= Task statement =
All that is needed is the lines from the one containing "D 50 134 - radiator shroud" through the end of the listing, printed exactly, with no pictures among them.

= Supplied records =
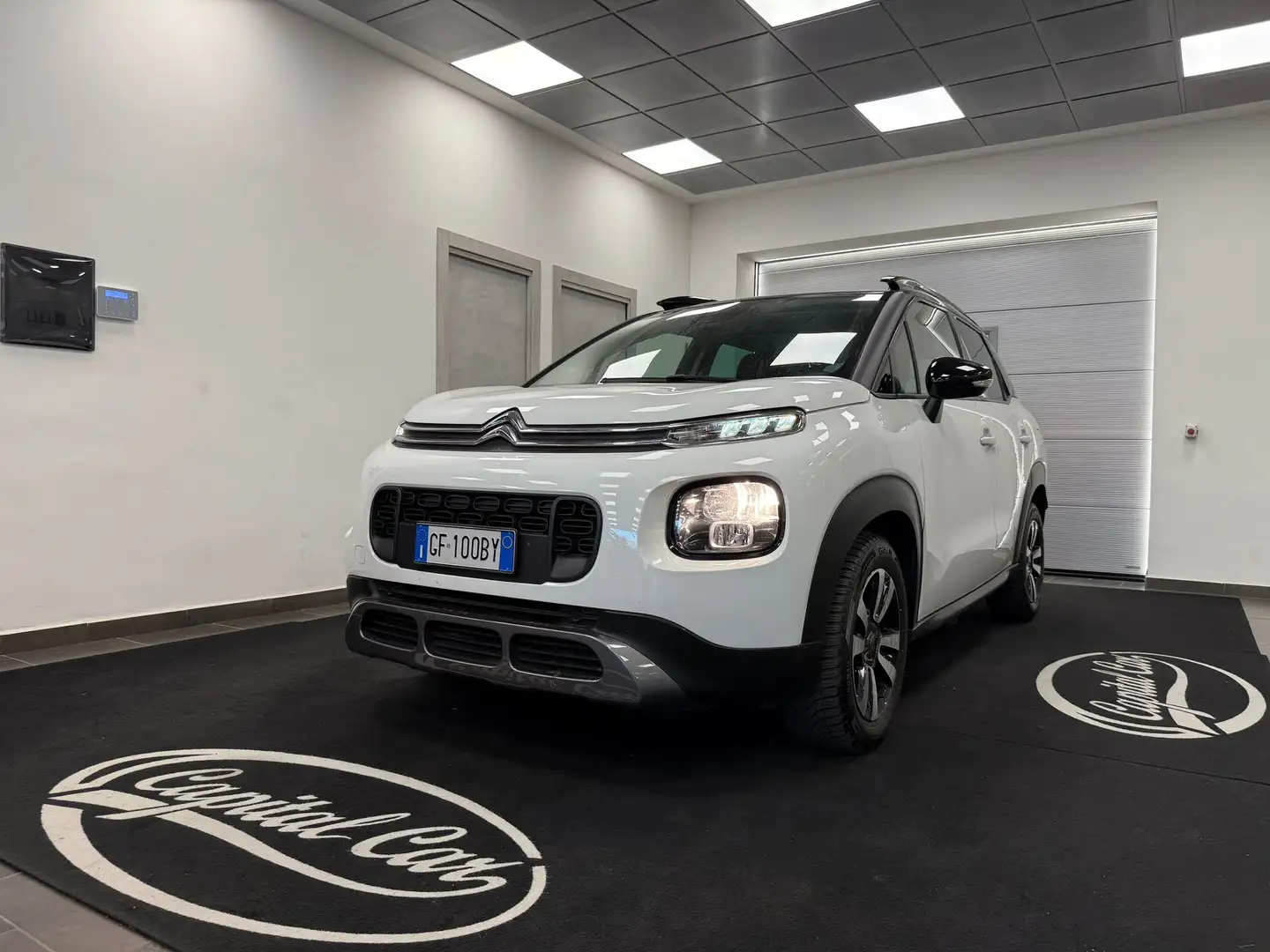 Citroen C3 Aircross HDI SHINE Bianco - 2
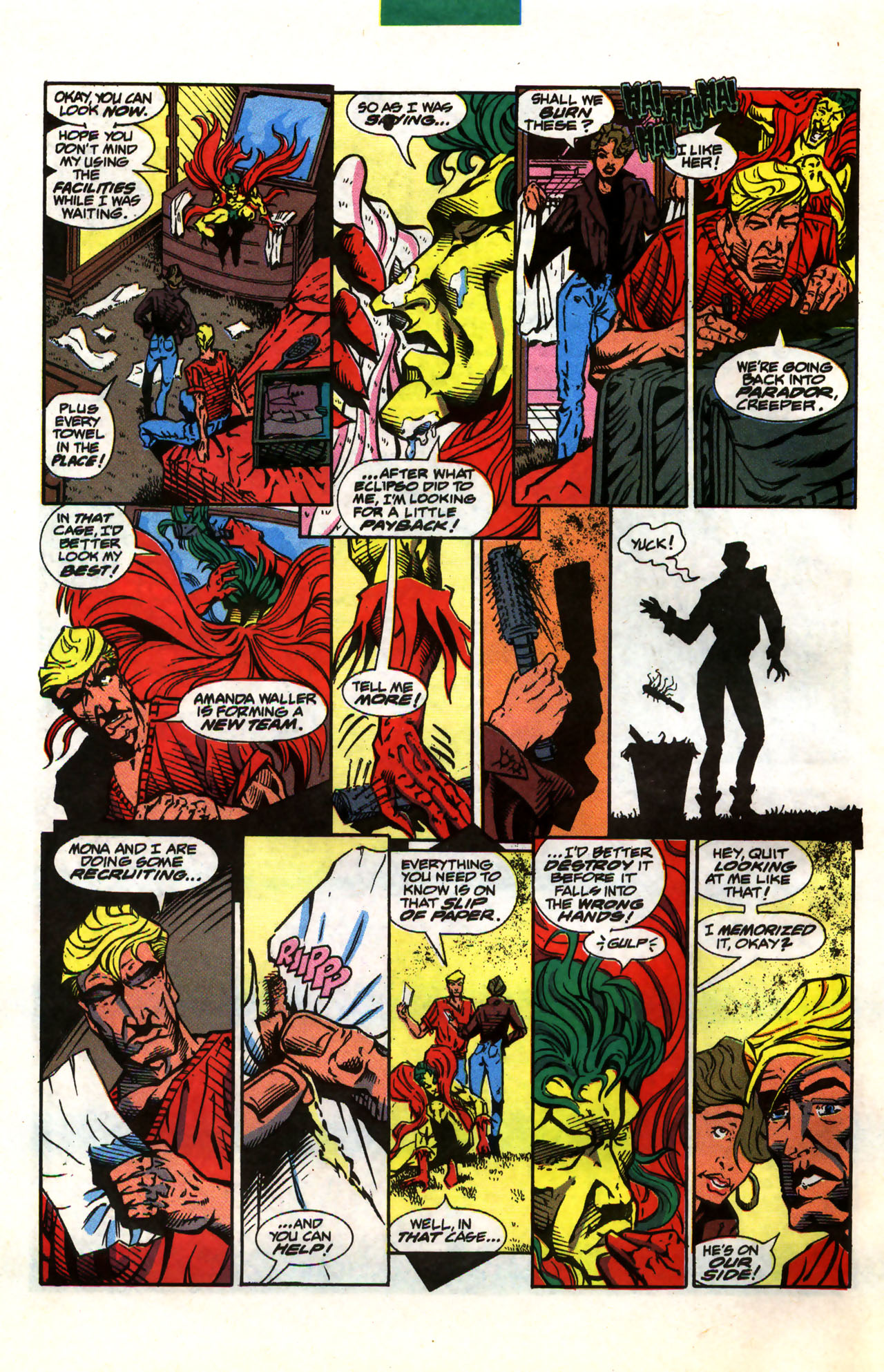 Eclipso Issue #11 #12 - English 9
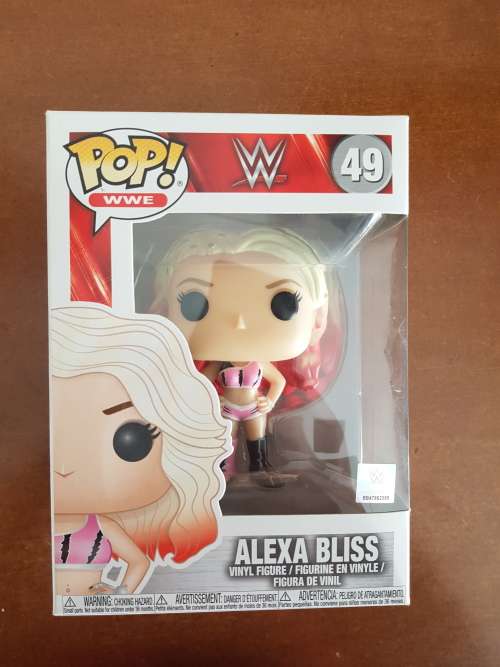 WWE Alexa Bliss Funko Pop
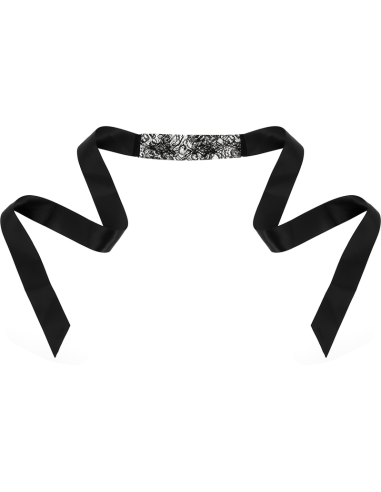 COQUETTE CHIC DESIRE - ANTIFAZ ENCAJE NEGRO CINTA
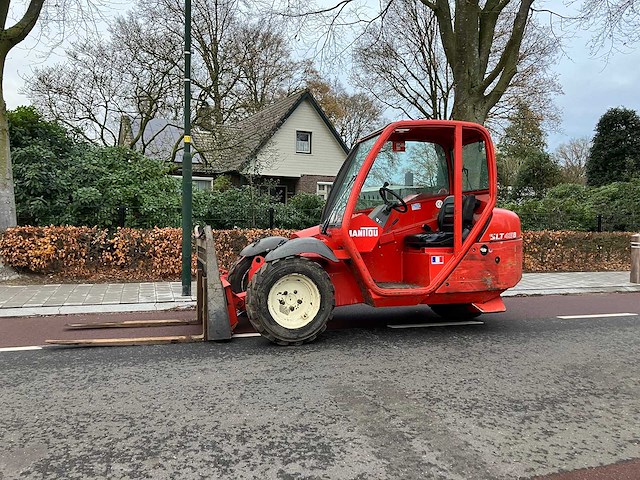 Manitou - 2003 - slt415e - verreiker - afbeelding 1 van  18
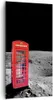 Bild auf Leinwand - Leinwandbild - Telefon london Mond Produktbild-Vorschau 1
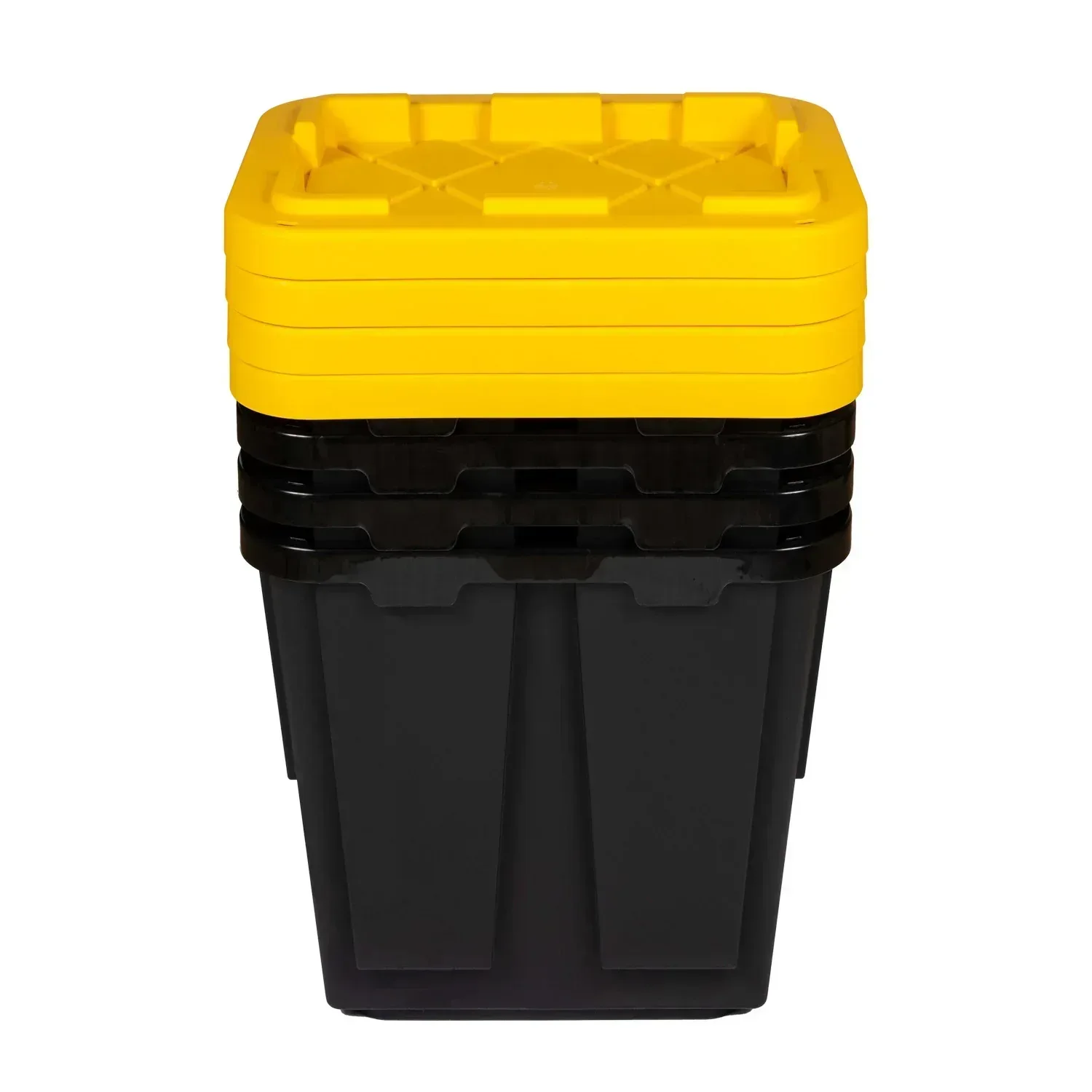 Greenmade 12 Gallon Storage Bin, 4-pack - Image 3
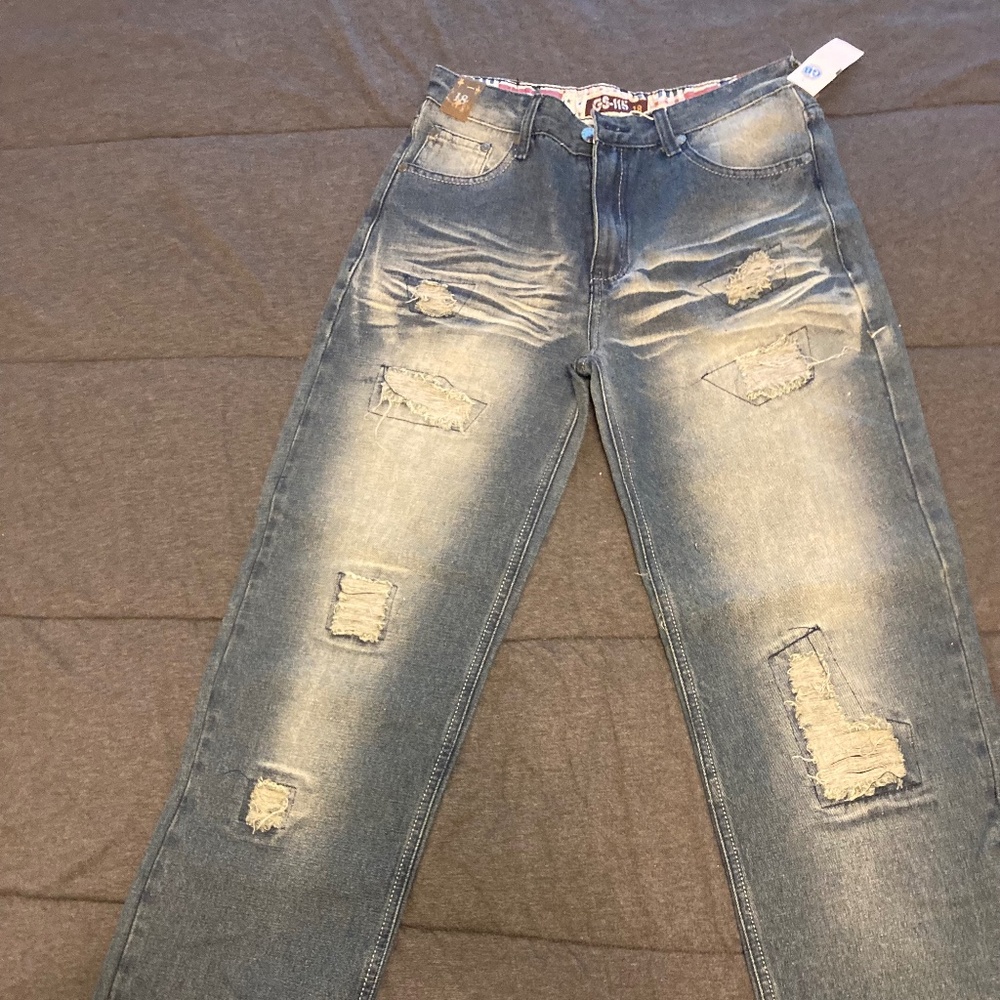 KIDS JEANS SIZE 18 GS-115 BRAND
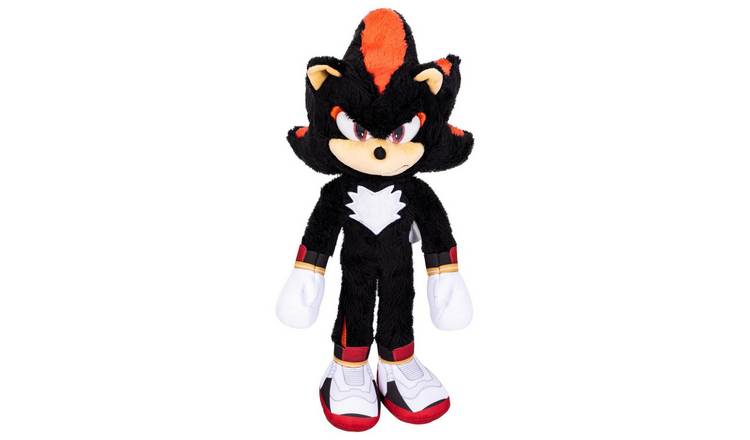 Sega Sonic 3 Movie Shadow 13" Plush Toy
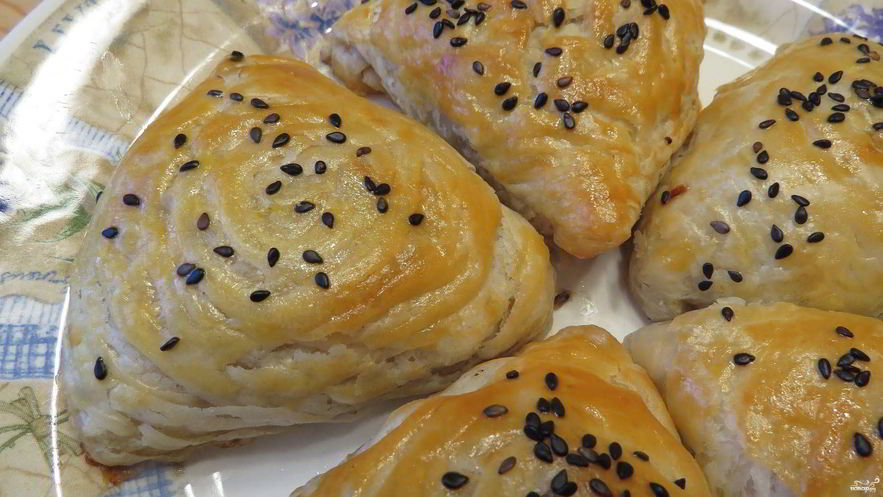Рецепт узбекской самсы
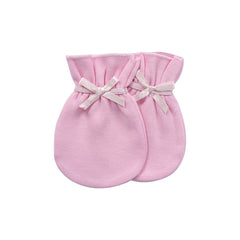 Sevi Bebe Baby Mittens (In Tulle Packaging) - Pink Sevi Bebe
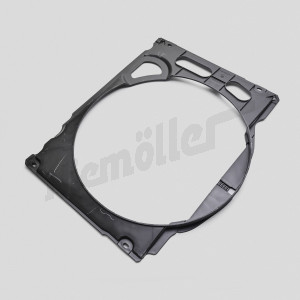 D 50 134 - radiator shroud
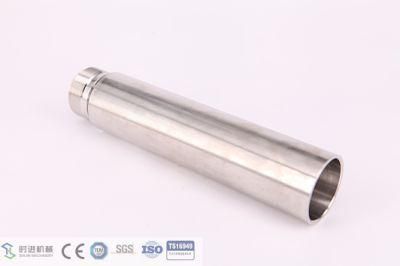 CNC Turning 316 L Stainless Steel 1-1/2&quot; Gas Lift Valve Bellows Top for Wind Power Generation Equipment Accessories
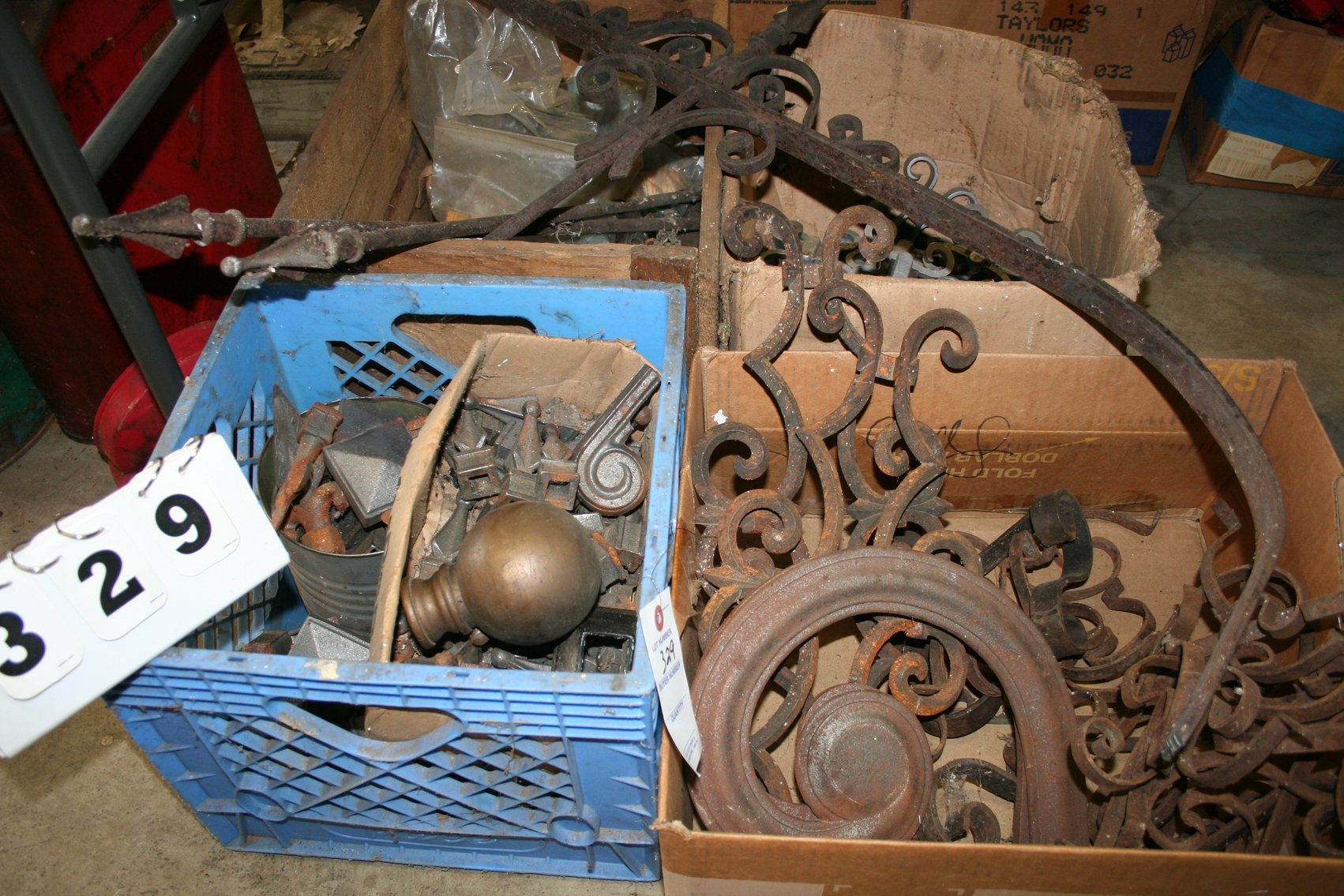 Image for Metal Gate and Fence Ornaments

= Written answer =
 D 50 134 - radiator shroud
 CNC Turning 316 L Stainless Steel 1-1/2&quot; Gas Lift Valve Bellows Top for Wind Power Generation Equipment Accessories
 Image for Metal Gate and Fence Ornaments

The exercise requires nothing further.